» **Data listing**
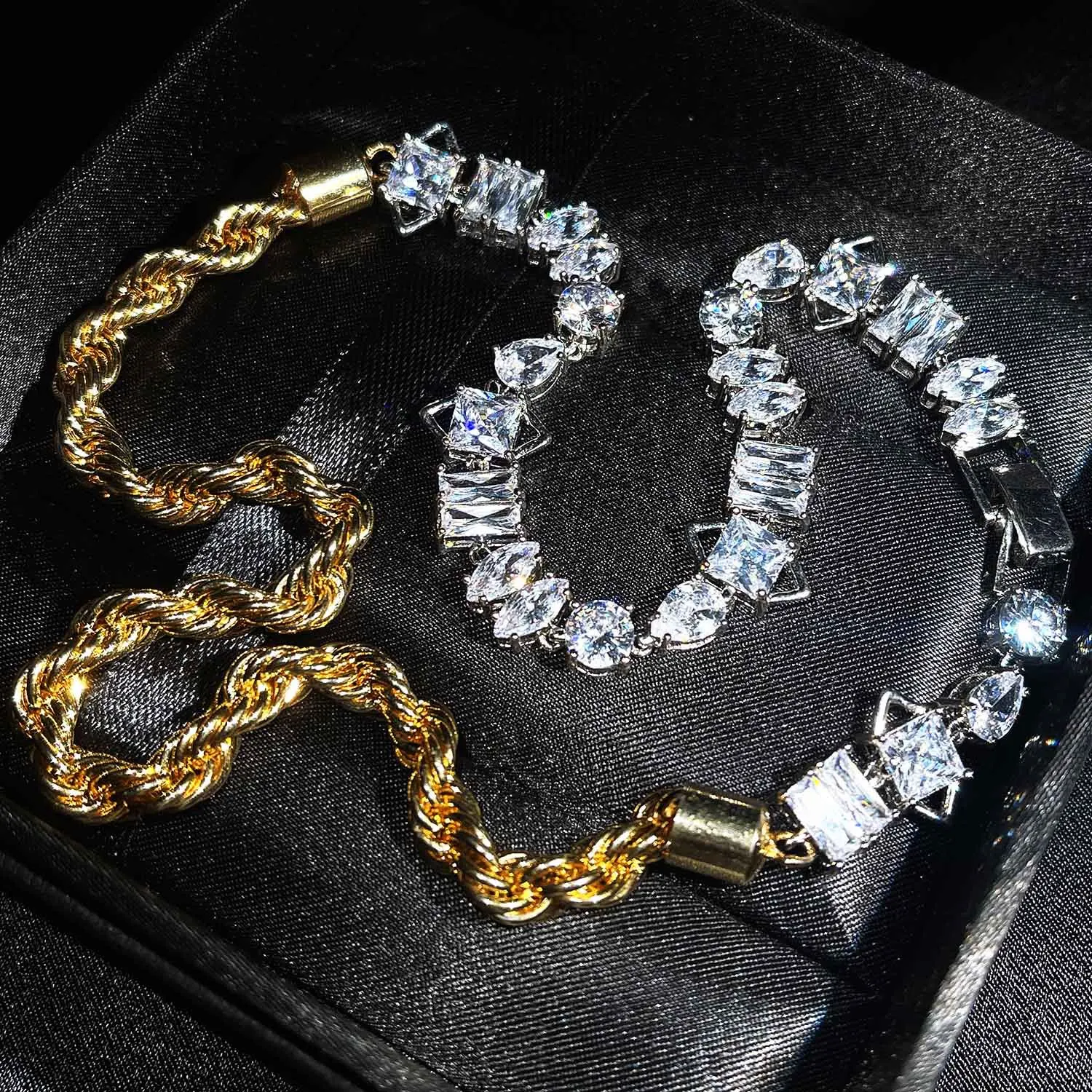 

Ladies Two-Color Zircon Design Hip Hop Flash Thick Chain Rhinestone Necklace Women's Retro Fashion Personality Clavicle Chain
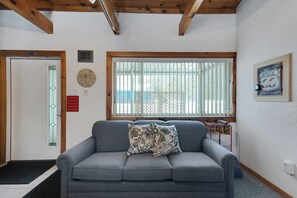 Smart TV, fireplace - Dragonfly Lodge of Higgins Lake: Snowmobile right from the cottage – Cozy Up by the Fireplace! (Roscommon)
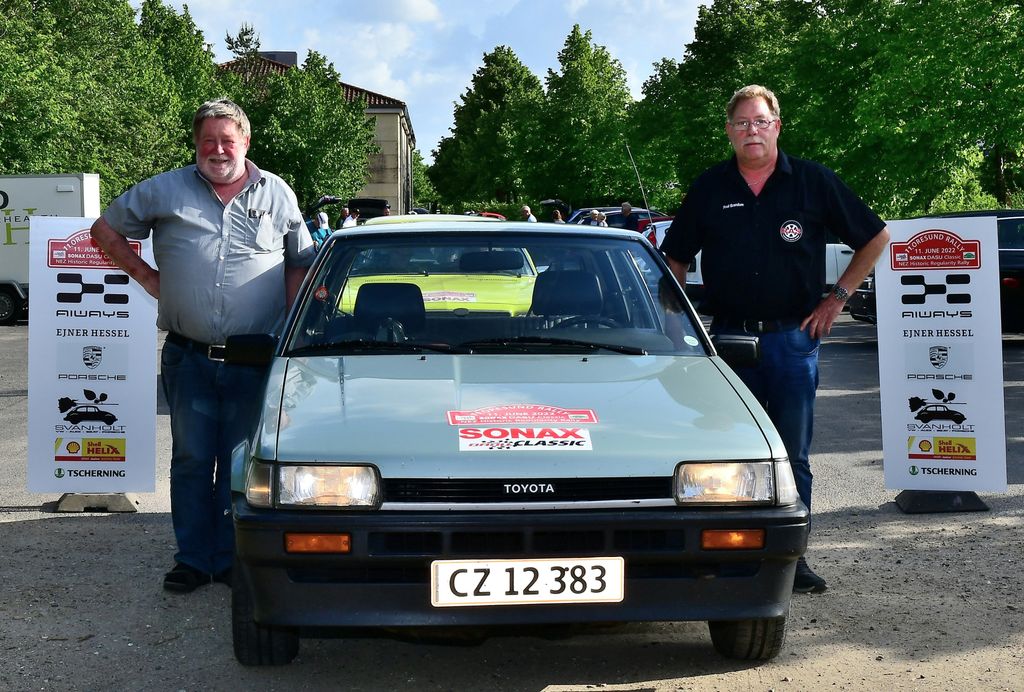 Det dygtige brødremandskab Poul og Egon Brøndum fra Randers kommer til start i Oresund Rally i deres Toyota Corolla fra 1985. De vandt løbets totalsejr i 2017.
(Foto: Michael Eisenberg)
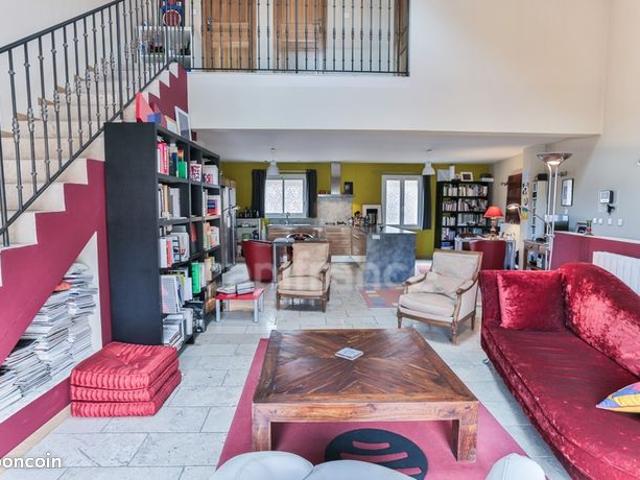 Maison 3 pièces 130 m²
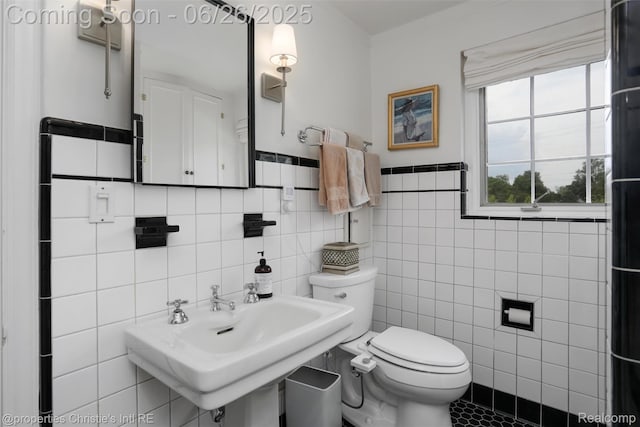 753 Grand Marais St, Grosse Pointe Park, MI 48230 - half bath featuring tile walls and a wainscoted wall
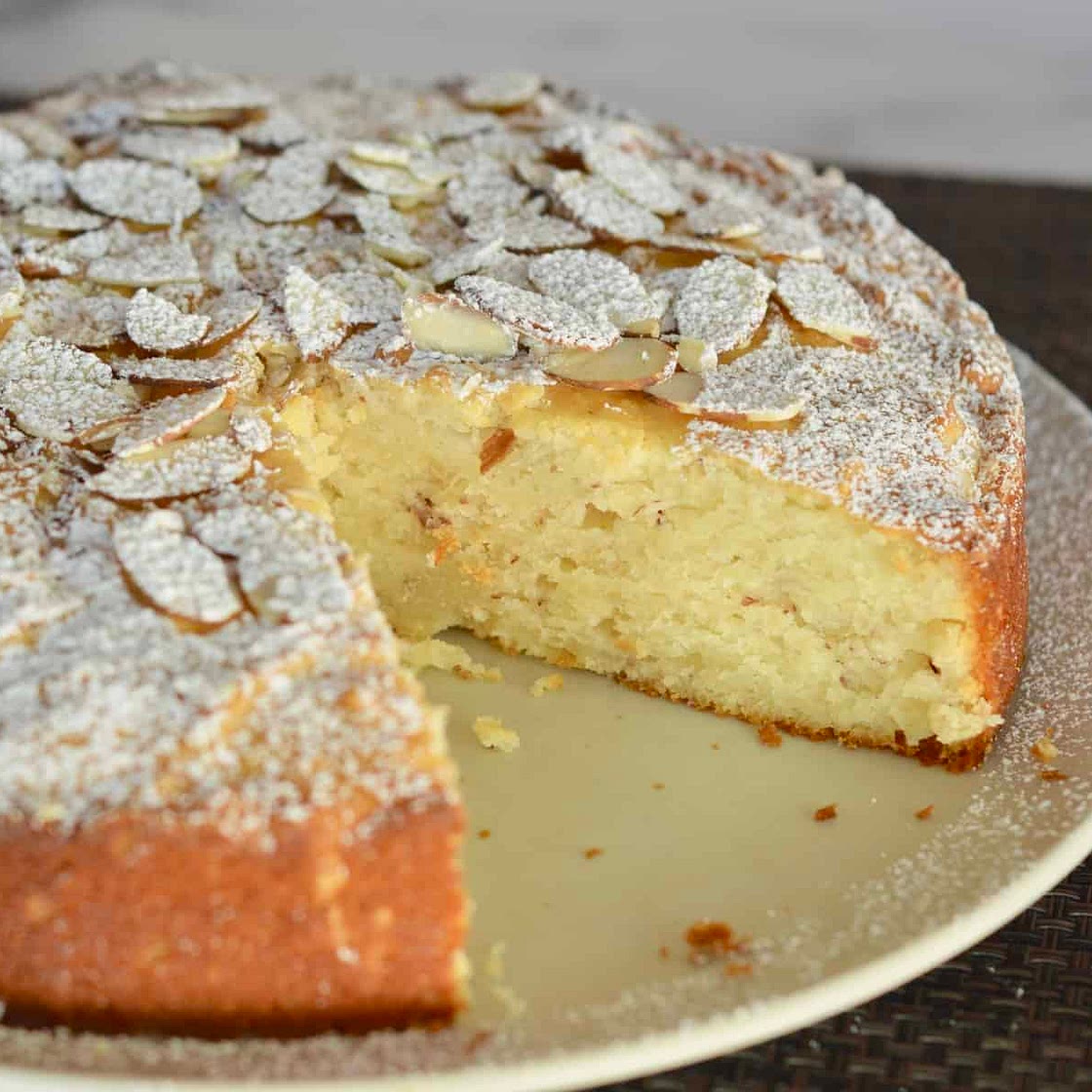 Almond Ricotta Cake
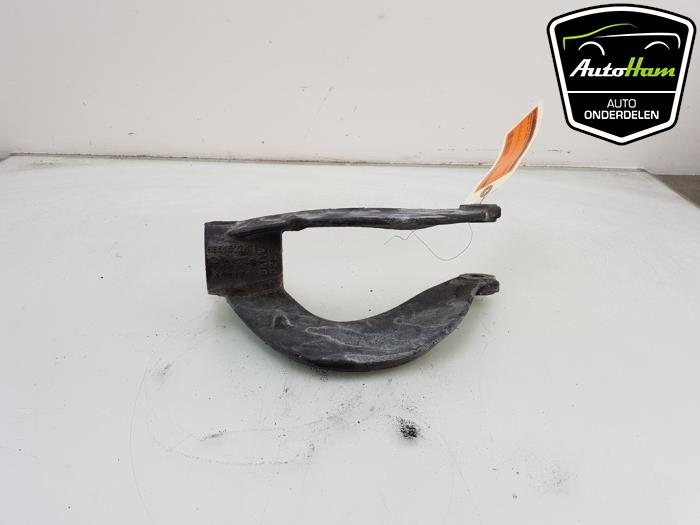 Lower shock bracket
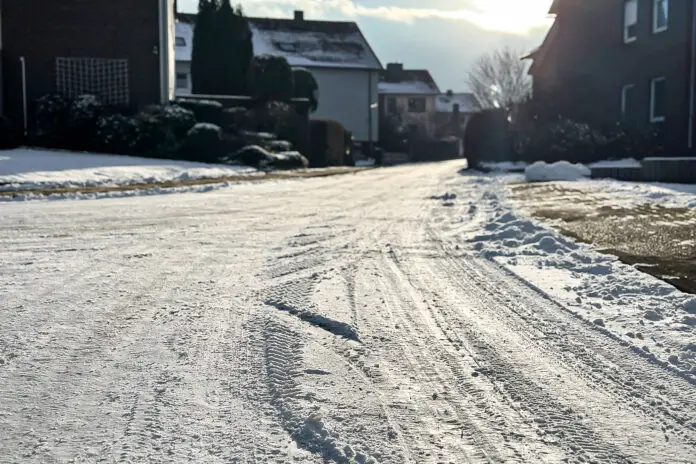 Glatte Straße in Georgsmarienhütte. / Foto: Niklas Otten
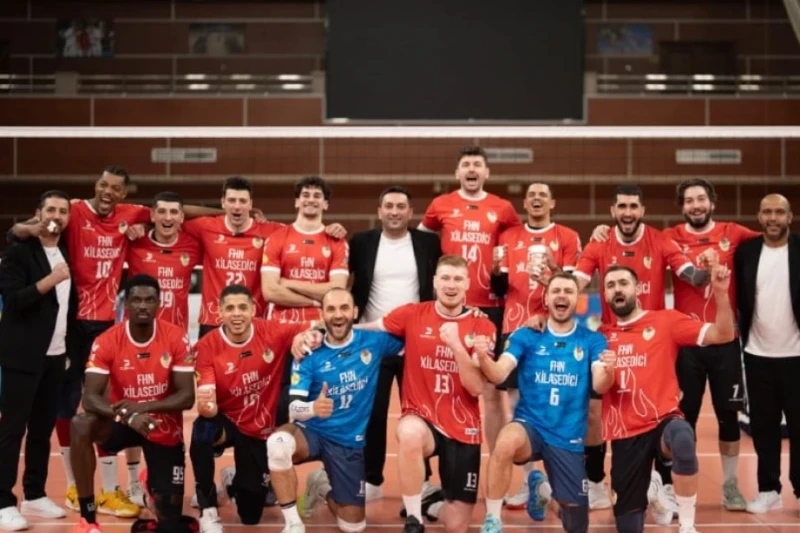 “Xilasedici” çempion heyətini qorudu: Məşqçi və liderlər komandada qalacaq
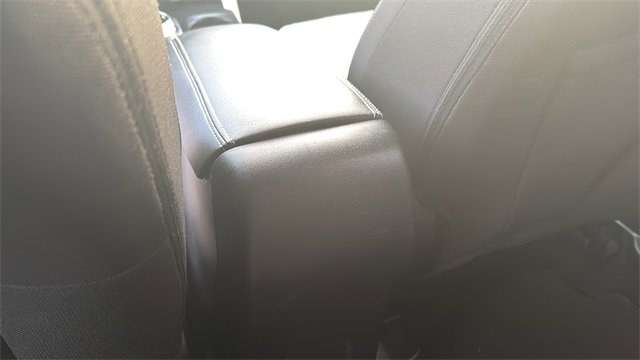 Used 2022 Ford Escape SE image 21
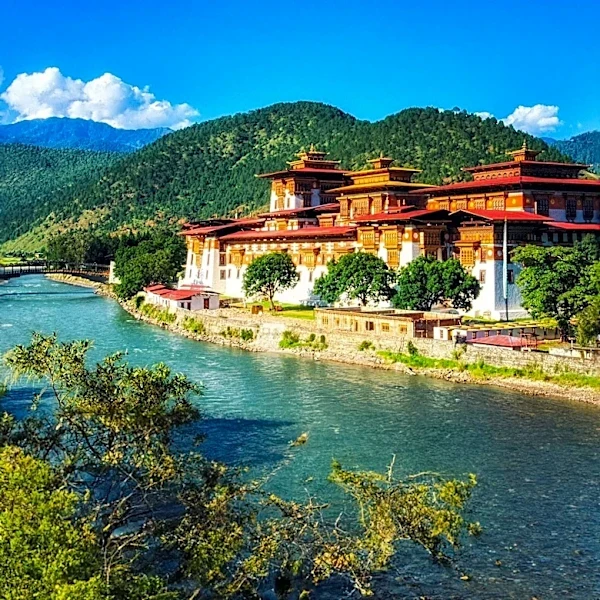 Australia's Student Visa Shakeup May Force Up to 30,000 Bhutanese Students to Return Home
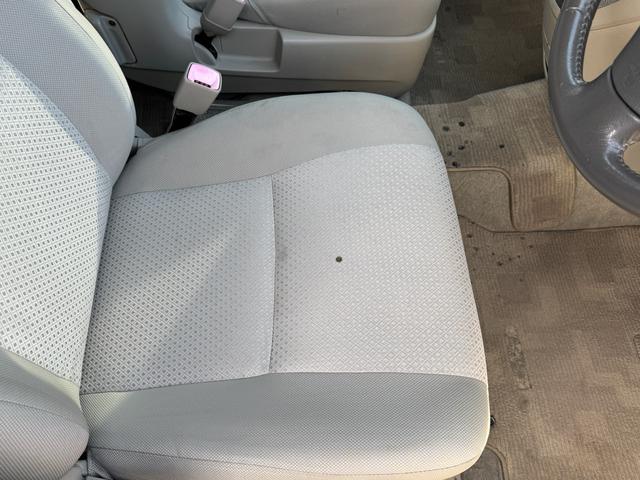 アイシス プラタナリミテッド　プラタナリミテッド　両側電動スライドドア　純正ナビ　バックカメラ　純正１６インチアルミホイール　三列シート　オートヘッドライト　スマートドアロック　オートエアコン　タイミングチェーン（10枚目）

» **What you need to do**
Your copy should match every record exactly and contain no pictures.

» **Exercise result**
Ladies Two-Color Zircon Design Hip Hop Flash Thick Chain Rhinestone Necklace Women's Retro Fashion Personality Clavicle Chain
 Smart TV, fireplace - Dragonfly Lodge of Higgins Lake: Snowmobile right from the cottage – Cozy Up by the Fireplace! (Roscommon)
 Det dygtige brødremandskab Poul og Egon Brøndum fra Randers kommer til start i Oresund Rally i deres Toyota Corolla fra 1985. De vandt løbets totalsejr i 2017.
(Foto: Michael Eisenberg)
 Maison 3 pièces 130 m²
 753 Grand Marais St, Grosse Pointe Park, MI 48230 - half bath featuring tile walls and a wainscoted wall
 Almond Ricotta Cake
 Lower shock bracket
 Glatte Straße in Georgsmarienhütte. / Foto: Niklas Otten
 “Xilasedici” çempion heyətini qorudu: Məşqçi və liderlər komandada qalacaq
 Used 2022 Ford Escape SE image 21
 Australia's Student Visa Shakeup May Force Up to 30,000 Bhutanese Students to Return Home
 アイシス プラタナリミテッド　プラタナリミテッド　両側電動スライドドア　純正ナビ　バックカメラ　純正１６インチアルミホイール　三列シート　オートヘッドライト　スマートドアロック　オートエアコン　タイミングチェーン（10枚目）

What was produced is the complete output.